Example 6. A wire of length 36 cm is made a semi-circle. Find its length of the radius.
Solution: R (π + 2) = 36
(Length of the radius is R cm)
or, \(\frac{36 R}{7}\) = 36
⇒ R = 7 cm.
∴ The length of the radius is 7 cm.
Example 7. Circumference of a wheel is 2 m 5 dem. If the speed is 15 km/hr find the revolution of the wheel per minute.
Solution: Circumference = 25 dcm.
In 60 minute wheel covers 15 km = 150000 dcm
In 1 minute wheel covers \(\frac{150,000}{60}\)dcm = 2500 dcm
∴ No. of revolution per minute = \(\frac{2500}{25}\) = 100 dcm
∴ The revolution of the wheel per minute is 100 dcm.
Example 8. Ratio of the circumference of two circles is 2: 3 and difference of the length of radii is 2 cm. Find the smaller radius.
Solution: Let length of the smaller radius r cm.

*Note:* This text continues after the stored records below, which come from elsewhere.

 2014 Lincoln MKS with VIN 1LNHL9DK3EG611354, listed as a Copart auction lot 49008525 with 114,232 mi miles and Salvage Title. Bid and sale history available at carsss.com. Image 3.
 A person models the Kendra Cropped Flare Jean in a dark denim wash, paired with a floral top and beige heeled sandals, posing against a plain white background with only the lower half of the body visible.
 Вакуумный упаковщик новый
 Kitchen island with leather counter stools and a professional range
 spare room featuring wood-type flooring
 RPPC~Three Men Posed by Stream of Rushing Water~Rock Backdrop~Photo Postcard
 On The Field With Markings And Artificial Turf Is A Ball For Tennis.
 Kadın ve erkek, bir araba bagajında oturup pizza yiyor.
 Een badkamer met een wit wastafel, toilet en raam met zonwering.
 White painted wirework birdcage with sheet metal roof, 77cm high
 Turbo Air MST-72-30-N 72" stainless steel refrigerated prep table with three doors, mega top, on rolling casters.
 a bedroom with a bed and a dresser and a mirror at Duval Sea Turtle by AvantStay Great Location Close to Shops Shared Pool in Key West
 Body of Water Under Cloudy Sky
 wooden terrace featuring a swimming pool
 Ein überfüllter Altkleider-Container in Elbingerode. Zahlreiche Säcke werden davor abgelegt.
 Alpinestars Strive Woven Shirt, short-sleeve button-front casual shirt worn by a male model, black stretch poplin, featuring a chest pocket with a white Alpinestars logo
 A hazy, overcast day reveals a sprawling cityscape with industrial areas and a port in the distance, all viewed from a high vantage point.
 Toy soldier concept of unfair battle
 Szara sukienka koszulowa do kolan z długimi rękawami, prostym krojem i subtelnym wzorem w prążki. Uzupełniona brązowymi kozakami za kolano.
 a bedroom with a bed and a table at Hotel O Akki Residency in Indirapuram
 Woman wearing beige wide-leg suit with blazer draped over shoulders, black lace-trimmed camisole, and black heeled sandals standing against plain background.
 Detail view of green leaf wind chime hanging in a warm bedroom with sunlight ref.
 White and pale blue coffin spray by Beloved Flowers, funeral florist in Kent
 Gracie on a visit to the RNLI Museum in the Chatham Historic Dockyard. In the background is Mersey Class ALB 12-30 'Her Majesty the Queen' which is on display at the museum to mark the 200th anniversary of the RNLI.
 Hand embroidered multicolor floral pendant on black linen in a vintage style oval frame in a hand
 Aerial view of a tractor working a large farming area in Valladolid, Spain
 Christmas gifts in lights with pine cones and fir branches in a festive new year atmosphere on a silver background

∴ Length of bigger radius = (r + 2) cm
∴ \(\frac{2 \pi r}{2 \pi(r+2)}=\frac{2}{3}\)
⇒ 3r = 2r + 14
∴ r = 4 cm
∴ The smaller radius is 4 cm.
Example 9. If the circumference is 2π2 unit, then find its diameter.
Solution: 2πr = 2π2 ⇒ 2r = 2π
∴ Length of the diameter = 2π unit.
Example 10. The circumference of a circles is 22 cm. Then find the length of the diagonal of a square inscribed in that circle.
Solution: Let length of the radius be r cm circumference 2πr = 22 cm
∴ 2 x \(\frac{22}{7}\) x r = 22
or, r = \(\frac{7}{2}\)
Length of the side of the square = Diameter of the circle = \(\frac{7}{2}\) x 2 cm = 7 cm
∴ Length of the diagonal of the square = √2 x 7 cm = 7√2 cm.